4) Les magistrats du tribunal pour enfants : bribes

On aimerait pouvoir, en complément, fournir sur les magistrats des éléments plus personnels pour expliquer cette tendance à la sévérité. Mais les sources sont rares 307 , et les éléments qui suivent fort lacunaires.

Dolfus Francoz est nommé vice-président du tribunal de première instance de Saint-Etienne le 12 mai 1912, venant de Nantua où il était procureur. Il est maintenu comme juge au même tribunal le 27 mai 1919 ; on peut voir là une sanction puisque son titre est moins éminent, mais cela lui permet aussi de s’attarder sur place, en refusant peut-être une promotion, dix ans. Il est nommé le 7 novembre 1922 conseiller à la cour d’appel de Grenoble, poste éminent qui montre que sa promotion, en apparence interrompue, a repris En août 1921, un rapport de police le décrit comme honorablement connu, sans activité politique, mais « on lui prête des opinions républicaines très modérées  ».

Ce jugement est le seul élément, d’ailleurs ténu, autorisant peut-être à prêter à un des magistrats du lieu des tendances personnelles à la répression, pour autant qu’il est possible d’associer des opinions réactionnaires à une pratique judiciaire répressive, ou à l’inverse des opinions progressistes à une pratique plus libérale. Pour les autres, les renseignements trouvés sont plus légers encore, et ne permettent guère que de donner leur durée de présence dans le poste. Mazen, nommé vice-président du tribunal de première instance le 1er août 1918, en remplacement de Sérol qui en devient président, y reste près de dix ans, comme Le Pennetier (nommé juge au tribunal de première instance le 27 mai 1919, puis à la cour d’appel de Douai en avril 1928) et Vigier (juillet 1920 – juin 1928).

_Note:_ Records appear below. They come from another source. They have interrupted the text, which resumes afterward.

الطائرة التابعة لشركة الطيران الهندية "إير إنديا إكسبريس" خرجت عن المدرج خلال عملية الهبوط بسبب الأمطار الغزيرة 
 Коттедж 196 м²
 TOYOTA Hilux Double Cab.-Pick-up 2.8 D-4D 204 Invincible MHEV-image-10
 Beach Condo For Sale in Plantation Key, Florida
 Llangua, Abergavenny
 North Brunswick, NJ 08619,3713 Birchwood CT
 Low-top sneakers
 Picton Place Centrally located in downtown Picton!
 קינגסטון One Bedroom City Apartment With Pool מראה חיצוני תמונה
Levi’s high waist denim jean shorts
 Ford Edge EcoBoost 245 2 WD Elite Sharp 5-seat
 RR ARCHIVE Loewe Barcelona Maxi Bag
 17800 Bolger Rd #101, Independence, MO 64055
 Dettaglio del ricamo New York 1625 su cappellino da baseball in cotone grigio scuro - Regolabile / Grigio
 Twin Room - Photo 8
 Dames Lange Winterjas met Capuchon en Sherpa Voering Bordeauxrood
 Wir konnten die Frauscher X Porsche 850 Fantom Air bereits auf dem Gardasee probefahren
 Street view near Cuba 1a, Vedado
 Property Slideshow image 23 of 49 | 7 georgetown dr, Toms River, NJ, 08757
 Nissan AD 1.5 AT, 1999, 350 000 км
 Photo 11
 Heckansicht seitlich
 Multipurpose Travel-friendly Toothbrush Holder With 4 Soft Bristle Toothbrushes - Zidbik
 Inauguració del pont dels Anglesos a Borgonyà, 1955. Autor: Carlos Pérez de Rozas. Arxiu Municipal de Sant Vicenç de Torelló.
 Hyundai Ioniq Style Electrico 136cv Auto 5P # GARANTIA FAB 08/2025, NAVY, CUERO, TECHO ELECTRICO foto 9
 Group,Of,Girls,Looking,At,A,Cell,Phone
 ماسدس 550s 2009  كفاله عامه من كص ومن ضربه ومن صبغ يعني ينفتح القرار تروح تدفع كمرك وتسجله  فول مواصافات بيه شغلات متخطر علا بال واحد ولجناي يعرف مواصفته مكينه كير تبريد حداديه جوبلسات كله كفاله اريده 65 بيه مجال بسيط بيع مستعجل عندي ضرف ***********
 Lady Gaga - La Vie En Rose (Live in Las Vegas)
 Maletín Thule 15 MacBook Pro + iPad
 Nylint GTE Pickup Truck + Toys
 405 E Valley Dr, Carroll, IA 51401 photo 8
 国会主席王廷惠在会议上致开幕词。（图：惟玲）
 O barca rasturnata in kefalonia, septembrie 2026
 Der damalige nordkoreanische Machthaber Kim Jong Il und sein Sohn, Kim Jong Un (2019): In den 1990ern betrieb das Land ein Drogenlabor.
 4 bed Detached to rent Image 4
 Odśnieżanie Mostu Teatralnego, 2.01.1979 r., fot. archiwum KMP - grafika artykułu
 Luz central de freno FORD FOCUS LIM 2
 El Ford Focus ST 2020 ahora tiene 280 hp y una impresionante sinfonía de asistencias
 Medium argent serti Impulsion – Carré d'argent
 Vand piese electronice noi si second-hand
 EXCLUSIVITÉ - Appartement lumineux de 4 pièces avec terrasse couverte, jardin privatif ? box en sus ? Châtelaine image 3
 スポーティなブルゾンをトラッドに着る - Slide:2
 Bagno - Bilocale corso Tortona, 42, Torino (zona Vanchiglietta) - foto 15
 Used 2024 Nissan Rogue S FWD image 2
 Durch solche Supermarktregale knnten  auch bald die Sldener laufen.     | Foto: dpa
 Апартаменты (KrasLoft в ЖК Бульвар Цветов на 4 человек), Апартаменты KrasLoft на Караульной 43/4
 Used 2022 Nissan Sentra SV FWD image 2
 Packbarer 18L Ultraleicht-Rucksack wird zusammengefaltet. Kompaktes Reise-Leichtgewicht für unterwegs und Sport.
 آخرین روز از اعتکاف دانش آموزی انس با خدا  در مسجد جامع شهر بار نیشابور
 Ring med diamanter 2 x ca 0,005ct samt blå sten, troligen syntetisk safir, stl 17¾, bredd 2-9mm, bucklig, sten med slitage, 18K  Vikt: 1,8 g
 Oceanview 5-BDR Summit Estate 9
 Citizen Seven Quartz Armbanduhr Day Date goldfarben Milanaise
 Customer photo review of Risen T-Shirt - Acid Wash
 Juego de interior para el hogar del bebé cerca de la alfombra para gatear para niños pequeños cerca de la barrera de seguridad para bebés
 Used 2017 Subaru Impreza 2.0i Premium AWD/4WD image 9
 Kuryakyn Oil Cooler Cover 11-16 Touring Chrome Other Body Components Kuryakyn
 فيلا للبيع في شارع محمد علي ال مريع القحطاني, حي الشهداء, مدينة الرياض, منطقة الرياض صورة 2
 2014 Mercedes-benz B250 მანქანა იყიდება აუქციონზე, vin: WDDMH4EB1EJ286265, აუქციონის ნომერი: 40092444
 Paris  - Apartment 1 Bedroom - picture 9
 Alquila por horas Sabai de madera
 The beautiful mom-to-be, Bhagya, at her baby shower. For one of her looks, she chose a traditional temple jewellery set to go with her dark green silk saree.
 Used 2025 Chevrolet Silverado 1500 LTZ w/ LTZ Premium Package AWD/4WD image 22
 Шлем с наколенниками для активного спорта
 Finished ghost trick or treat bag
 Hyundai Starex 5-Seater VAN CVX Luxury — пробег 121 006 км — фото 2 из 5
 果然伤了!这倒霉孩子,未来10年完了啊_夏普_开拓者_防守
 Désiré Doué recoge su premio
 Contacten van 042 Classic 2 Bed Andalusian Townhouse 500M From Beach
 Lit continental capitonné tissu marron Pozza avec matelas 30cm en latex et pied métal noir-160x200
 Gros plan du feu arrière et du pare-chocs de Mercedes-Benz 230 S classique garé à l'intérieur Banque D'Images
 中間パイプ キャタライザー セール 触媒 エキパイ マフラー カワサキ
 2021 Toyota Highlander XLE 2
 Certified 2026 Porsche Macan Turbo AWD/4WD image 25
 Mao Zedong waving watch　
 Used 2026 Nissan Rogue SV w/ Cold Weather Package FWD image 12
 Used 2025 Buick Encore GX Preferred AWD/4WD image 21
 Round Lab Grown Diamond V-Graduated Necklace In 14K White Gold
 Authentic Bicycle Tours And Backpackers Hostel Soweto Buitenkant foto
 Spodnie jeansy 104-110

Jean Perrin Jaquet prend sa retraite en juin 1928, après quatre ans de présence à Saint-Etienne comme juge au tribunal de première instance. Quant au substitut Meynadier , il ne fait qu’un passage éclair, rapidement mis à la disposition du ministère des Affaires étrangères pour remplir les fonctions d’avocat général près la cour d’appel de Beyrouth.

Il a cependant paru utile d’essayer de trouver des renseignements un peu plus complets sur le juge Sérol et le substitut Pommerol, en raison de leur rôle qui ne se limite pas à rendre la justice 308 .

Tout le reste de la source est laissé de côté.